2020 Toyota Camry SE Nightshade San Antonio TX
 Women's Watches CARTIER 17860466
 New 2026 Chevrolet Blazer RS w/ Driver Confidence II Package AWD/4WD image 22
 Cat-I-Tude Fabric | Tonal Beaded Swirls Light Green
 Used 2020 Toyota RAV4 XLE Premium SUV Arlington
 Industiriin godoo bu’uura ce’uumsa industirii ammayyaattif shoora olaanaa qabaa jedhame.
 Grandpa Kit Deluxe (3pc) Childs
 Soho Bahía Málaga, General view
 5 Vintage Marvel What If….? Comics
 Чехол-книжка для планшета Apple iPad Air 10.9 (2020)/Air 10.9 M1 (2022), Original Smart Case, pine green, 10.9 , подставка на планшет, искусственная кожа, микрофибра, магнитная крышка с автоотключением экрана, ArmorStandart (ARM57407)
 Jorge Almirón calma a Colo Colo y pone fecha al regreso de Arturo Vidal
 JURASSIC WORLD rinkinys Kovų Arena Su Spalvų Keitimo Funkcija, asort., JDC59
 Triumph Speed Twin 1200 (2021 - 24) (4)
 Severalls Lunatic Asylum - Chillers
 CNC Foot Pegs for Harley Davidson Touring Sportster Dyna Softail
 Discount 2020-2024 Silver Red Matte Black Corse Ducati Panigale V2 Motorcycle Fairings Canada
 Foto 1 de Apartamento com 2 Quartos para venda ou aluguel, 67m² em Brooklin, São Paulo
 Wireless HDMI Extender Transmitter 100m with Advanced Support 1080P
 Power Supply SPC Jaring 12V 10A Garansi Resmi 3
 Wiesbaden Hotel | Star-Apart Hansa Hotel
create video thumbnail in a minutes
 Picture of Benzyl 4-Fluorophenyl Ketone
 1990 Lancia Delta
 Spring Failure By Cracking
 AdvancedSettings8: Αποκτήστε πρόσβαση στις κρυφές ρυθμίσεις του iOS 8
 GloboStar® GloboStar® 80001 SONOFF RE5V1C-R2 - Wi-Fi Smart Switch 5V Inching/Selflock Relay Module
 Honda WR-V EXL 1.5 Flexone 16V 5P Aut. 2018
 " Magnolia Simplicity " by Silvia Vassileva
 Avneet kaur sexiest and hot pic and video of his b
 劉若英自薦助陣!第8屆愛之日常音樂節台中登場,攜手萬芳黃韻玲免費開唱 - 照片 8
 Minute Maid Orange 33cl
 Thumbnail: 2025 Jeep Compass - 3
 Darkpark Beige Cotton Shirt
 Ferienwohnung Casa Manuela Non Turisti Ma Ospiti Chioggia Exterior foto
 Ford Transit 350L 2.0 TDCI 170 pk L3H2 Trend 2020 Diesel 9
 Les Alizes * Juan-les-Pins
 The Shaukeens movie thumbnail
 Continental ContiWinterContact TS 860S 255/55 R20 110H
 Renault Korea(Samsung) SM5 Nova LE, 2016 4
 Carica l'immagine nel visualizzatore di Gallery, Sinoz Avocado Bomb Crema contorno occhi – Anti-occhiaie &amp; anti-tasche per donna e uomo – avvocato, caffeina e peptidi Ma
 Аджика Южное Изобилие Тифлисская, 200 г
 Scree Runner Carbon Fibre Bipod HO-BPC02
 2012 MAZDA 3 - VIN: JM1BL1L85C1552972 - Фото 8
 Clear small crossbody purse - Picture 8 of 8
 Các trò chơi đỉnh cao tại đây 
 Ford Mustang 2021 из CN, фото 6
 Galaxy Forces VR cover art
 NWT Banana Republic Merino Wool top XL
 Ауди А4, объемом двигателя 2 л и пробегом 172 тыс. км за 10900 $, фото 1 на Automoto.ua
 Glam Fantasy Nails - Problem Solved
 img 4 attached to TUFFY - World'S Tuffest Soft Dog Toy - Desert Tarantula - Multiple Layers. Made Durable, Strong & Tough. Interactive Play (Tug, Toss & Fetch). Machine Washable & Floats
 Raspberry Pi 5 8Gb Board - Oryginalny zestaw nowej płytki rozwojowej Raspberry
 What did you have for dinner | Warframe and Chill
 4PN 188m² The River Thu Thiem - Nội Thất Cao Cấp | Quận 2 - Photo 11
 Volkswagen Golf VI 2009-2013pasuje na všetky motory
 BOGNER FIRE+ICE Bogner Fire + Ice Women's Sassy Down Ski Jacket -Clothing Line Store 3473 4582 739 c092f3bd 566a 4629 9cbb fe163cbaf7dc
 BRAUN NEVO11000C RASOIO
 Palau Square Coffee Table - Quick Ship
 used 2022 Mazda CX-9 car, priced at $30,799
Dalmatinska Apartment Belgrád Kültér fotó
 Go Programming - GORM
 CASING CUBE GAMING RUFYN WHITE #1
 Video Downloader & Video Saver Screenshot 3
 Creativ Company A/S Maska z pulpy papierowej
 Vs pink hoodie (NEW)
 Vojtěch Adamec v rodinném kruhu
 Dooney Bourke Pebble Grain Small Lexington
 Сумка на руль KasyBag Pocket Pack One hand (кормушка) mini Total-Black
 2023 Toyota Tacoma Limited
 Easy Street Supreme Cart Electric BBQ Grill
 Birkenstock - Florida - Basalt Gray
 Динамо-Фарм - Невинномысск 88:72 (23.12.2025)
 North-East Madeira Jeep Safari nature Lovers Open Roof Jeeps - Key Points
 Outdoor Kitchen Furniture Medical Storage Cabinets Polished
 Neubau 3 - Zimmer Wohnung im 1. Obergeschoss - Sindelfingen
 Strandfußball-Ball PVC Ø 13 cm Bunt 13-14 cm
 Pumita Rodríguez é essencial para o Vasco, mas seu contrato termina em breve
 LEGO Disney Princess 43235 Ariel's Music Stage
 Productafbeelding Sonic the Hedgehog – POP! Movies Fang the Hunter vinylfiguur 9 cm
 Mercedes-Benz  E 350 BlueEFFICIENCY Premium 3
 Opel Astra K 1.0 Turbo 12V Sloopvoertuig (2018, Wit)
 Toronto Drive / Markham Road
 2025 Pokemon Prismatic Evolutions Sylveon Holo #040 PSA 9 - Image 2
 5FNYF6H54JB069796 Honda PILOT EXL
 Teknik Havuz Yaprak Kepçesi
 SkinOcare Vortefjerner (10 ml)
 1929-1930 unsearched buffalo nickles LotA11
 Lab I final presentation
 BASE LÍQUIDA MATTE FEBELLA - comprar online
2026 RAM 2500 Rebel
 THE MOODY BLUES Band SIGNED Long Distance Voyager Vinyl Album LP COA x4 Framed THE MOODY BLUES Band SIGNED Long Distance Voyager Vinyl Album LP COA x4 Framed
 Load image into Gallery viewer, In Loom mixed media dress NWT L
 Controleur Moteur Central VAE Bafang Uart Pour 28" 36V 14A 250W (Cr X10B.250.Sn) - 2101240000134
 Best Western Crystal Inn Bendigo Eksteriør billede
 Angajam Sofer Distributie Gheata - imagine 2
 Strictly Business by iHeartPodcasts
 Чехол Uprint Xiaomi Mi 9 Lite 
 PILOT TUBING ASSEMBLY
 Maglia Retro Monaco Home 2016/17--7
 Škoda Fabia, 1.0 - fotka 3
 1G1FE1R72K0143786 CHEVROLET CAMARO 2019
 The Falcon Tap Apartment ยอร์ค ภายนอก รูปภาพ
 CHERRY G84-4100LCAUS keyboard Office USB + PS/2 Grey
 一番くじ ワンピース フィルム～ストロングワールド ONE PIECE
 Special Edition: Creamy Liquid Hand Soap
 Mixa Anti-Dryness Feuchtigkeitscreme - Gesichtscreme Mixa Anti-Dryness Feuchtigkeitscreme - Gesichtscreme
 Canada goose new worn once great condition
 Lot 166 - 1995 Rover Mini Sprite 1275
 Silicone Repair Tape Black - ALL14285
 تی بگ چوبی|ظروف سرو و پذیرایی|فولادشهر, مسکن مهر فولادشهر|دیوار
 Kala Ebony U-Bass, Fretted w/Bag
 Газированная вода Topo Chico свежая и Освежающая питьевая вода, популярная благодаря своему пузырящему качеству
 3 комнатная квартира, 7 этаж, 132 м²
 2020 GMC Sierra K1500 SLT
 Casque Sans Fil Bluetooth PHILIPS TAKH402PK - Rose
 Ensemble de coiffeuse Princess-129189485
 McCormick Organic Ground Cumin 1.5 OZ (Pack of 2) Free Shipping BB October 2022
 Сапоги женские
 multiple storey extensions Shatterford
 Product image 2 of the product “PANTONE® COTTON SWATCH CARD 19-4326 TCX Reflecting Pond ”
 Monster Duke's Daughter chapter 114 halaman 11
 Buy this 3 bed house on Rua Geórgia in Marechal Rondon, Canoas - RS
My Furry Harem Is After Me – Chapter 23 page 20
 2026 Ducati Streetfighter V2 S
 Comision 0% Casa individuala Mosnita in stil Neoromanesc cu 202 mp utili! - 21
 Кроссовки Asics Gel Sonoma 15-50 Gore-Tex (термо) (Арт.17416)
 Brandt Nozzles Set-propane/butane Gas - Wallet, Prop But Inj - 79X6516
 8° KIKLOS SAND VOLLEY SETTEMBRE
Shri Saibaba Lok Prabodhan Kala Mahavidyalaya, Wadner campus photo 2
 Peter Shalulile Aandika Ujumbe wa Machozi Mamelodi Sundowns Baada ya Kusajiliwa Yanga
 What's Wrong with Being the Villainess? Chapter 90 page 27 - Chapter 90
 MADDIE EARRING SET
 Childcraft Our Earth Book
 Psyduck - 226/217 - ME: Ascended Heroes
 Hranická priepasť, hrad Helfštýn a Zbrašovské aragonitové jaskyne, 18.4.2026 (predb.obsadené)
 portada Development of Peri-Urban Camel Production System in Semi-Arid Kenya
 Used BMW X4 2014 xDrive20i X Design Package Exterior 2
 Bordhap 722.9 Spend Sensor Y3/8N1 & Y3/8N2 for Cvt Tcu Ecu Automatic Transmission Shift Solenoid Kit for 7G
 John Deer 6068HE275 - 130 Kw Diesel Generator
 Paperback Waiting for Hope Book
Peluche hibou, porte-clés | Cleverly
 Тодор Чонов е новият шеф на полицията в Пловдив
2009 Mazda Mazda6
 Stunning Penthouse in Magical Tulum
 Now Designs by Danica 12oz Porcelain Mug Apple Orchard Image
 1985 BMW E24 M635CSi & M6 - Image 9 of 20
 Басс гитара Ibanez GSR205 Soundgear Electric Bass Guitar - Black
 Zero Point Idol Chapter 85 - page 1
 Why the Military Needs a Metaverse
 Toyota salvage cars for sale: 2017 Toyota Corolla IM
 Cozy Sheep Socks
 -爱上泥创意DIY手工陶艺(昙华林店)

• **Activity**
Return the material exactly as it stands above, but only from its first line to the line containing "Used 2020 Toyota", both ends included.

• **Final answer**
2020 Toyota Camry SE Nightshade San Antonio TX
 Women's Watches CARTIER 17860466
 New 2026 Chevrolet Blazer RS w/ Driver Confidence II Package AWD/4WD image 22
 Cat-I-Tude Fabric | Tonal Beaded Swirls Light Green
 Used 2020 Toyota RAV4 XLE Premium SUV Arlington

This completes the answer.